- Work request: When you reach the line that contains "144&quot; X 60&quot;", please begin copying, and carry on exactly to the last line of the material, leaving out every picture.

- Supplied material:
......
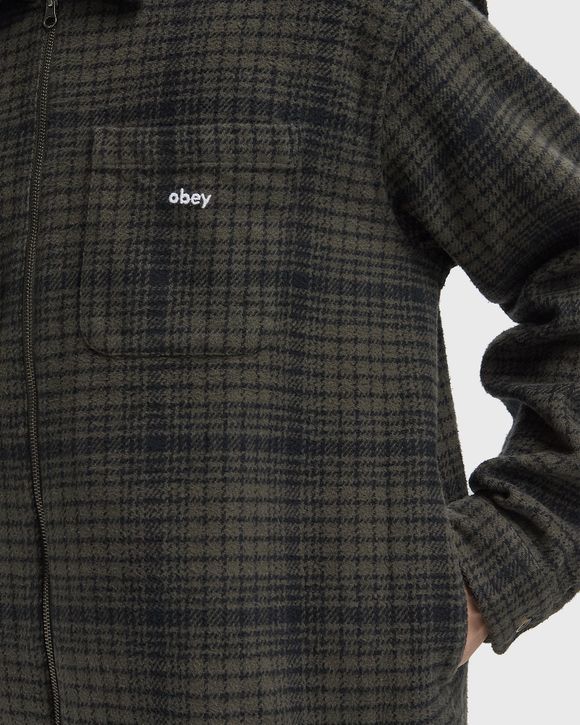 Parker zip shirt jacket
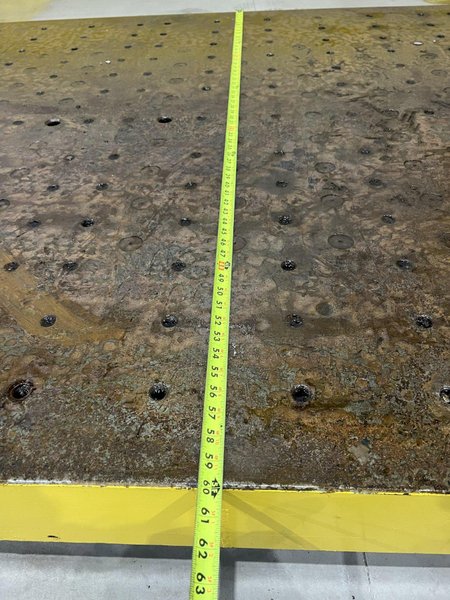 144&quot; X 60&quot; X 7&quot; THICK SOLID STEEL BOLSTER PLATE: STOCK 20074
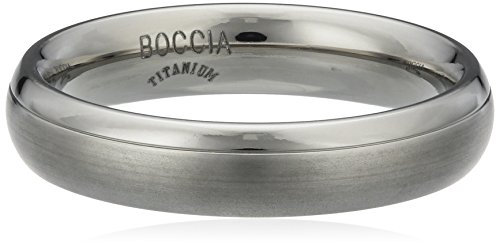 Boccia Damen-Ring teilpoliert Titan GR.61 0130-0761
......
- Final answer:
 144&quot; X 60&quot; X 7&quot; THICK SOLID STEEL BOLSTER PLATE: STOCK 20074
 Boccia Damen-Ring teilpoliert Titan GR.61 0130-0761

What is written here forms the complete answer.